Any system build on flawed concepts makes it clumsy and hard to make even simplest of changes to repair the damage done. The author begins the book with the statement “Software is built on abstractions. Pick the right ones and programming will flow from design; modules will have small and simple interfaces; and new functionality will more likely fit in without extensive organization.”

Basically, an abstraction is an idea reduced to its essential form. The author introduces the key elements of the approach: a logic, which provides the building blocks of the language; a language, which adds a small amount of syntax to the logic for structuring descriptions; and an analysis, which is a form of constraint solving, and it offers both simulation (generating sample states and executions) and checking (finding counterexamples to claimed properties). The author uses the language Alloy as a vehicle because of its simplicity and tool support; but the book’s lessons are mostly language-independent, and could also be applied in the context of other modeling languages.

Abstraction is the essence of simple and effective software design, and logic is the essential tool for exploring and validating abstractions. These basic insights, which have been laboriously rediscovered by many practicing programmers, are now accessible to students and professionals at all levels of experience. Daniel Jackson supports his clear and elegant text with a powerful logical analysis tool that brings his witty examples to life.

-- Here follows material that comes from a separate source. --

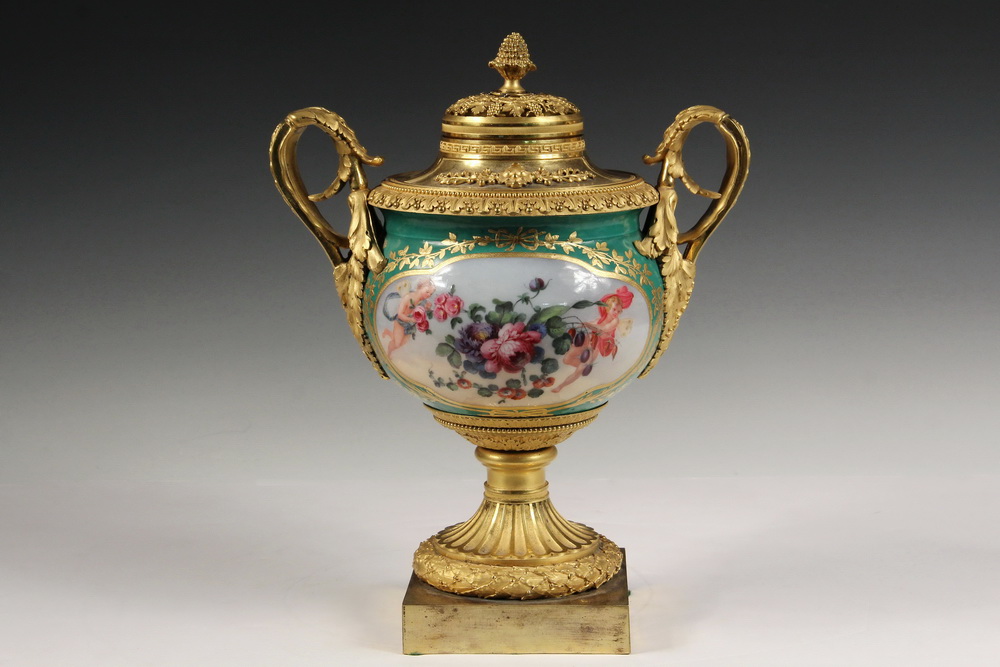 Appraisal: FRENCH ORMOLU MOUNTED URN - Early th c Porcelain Sachet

—Tony Hoare, Senior Researcher, Microsoft

CONTENTS: Preface. Acknowledgments. Introduction. A Whirlwind Tour. Logic. Language. Analysis. Examples. Appendices—A: Exercises. B: Alloy Language Reference. C: Kernel Semantics. D: Diagrammatic Notation. E: Alternative Approaches. References. Index.

SOFTWARE ABSTRACTIONS Logic, Language, and Analysis

DANIEL JACKSON, Professor, Department of Electrical Engineering and Computer Science and leads the Software Design Group at the Computer Science and Artificial Intelligence Lab at MIT.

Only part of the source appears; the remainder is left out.